The year of 1790s marked the midst of the Industrial Revolution in Britain, when the appearance of flying shuttles and the spinning jenny allowed for a massive increase in the production of cotton fabrics and yarn, which, when combined with the advent of the steam engine, led to the creation of large textile factories. Nevertheless, professional clothes-makers, seamstress and housewives would spend many hours a week producing and mending clothing by hand.
Thomas Saint, an English inventor, realised that clothing production should be improved to take advantage of the increase in fabric production. Thus came his patent of a “sewing machine”. However, he did not successfully advertise or market his invention.
In 1829, the first practical and widely used sewing machine was invented by Barthélemy Thimonnier, a French tailor. Over the next hundred-or-so-years, the sewing machine underwent constant improvements and changes and spread to other parts of Europe and North America.
It could be understood that the invention of the sewing machine marked a new era of the clothing field. Firstly, it changed the life of many women. Traditionally, women just stayed home to do chores and spent several days a week sewing clothing for themselves and their family.

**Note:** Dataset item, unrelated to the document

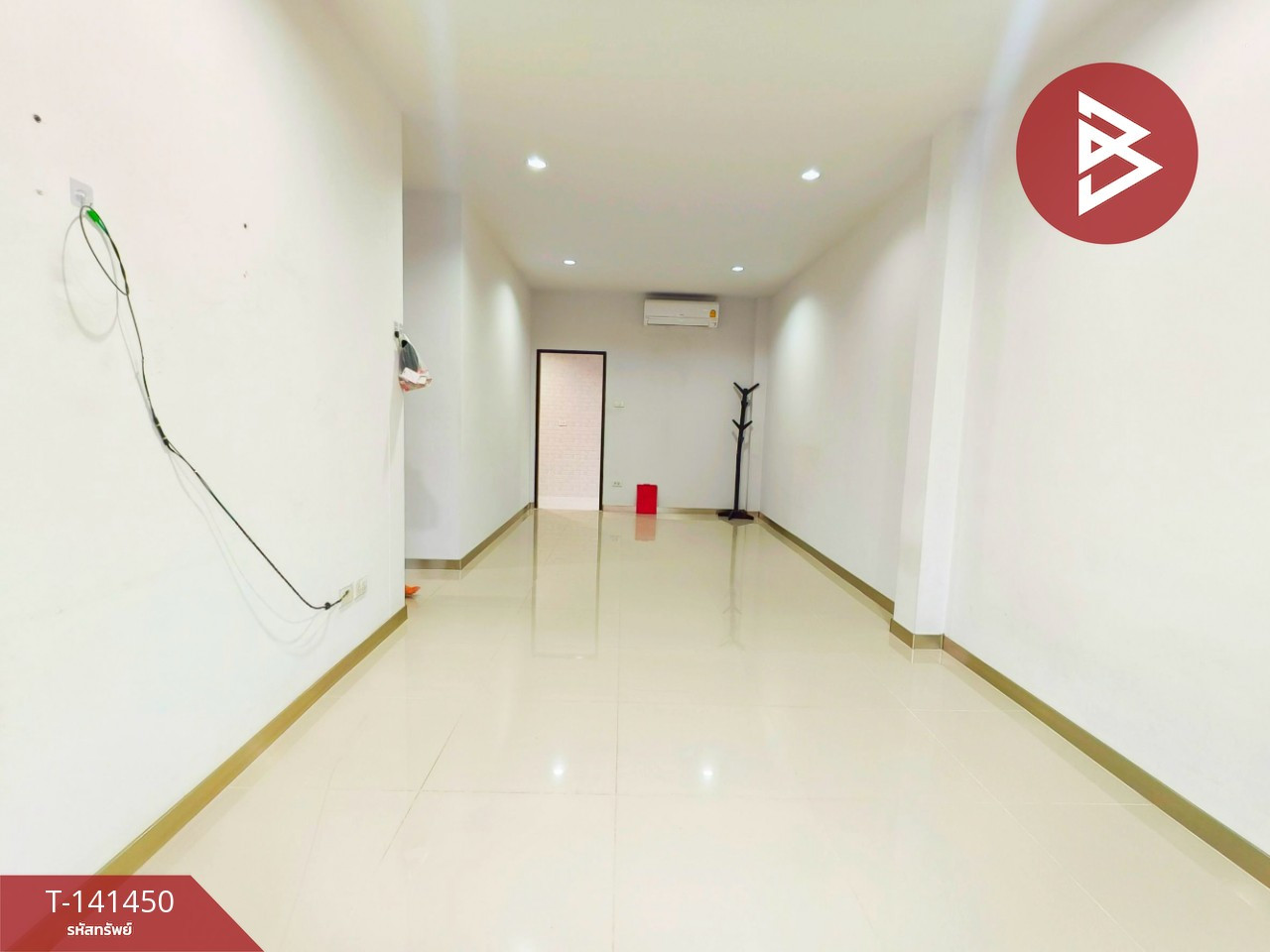 ขายบ้านแฝด หมู่บ้านนิรา​วิลล์​วิลเลจ​พลัส​ เศรษฐกิจ​-พันธุ​วงษ์​ สมุทรสาคร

Thanks to sewing machines, a housewife could now complete her sewing in a mere several hours, allowing for more free time to pursue hobbies and attain new skills.
Secondly, with the appearance of the sewing machine, home sewing developed into more industrialized activities. Industrial sewing machines, in combination with the cotton gin, the spinning jenny, and the steam engine, made clothing production much easier and much cheaper. Economically speaking, people could afford to buy more clothing more often, marking the beginnings of the clothing industry that we see today.
The sewing machine's effects on the clothing industry resulted in major changes for other industries as well. Cotton production needed to increase in order to match the demand of the new clothing factories. As a result, cotton became planted in new areas where it had not previously been farmed. Similarly, there was an increased demand for thread, metal (for needles and machine parts), and now machinists as well, to fix broken sewing machines. In addition to being important for clothing production, sewing machines also became important in the manufacturing of furniture with upholstery, curtains and towels, toys, books, and many other products.
Since the second half of the twentieth century, continued advancements in the efficiency of the sewing machines themselves and constant increases in the size of garment factories have created greater amounts of clothing. Nowadays, as production demands went up and competition between clothing companies increased, sewing machines are being produced of very high quality and at a competitive price.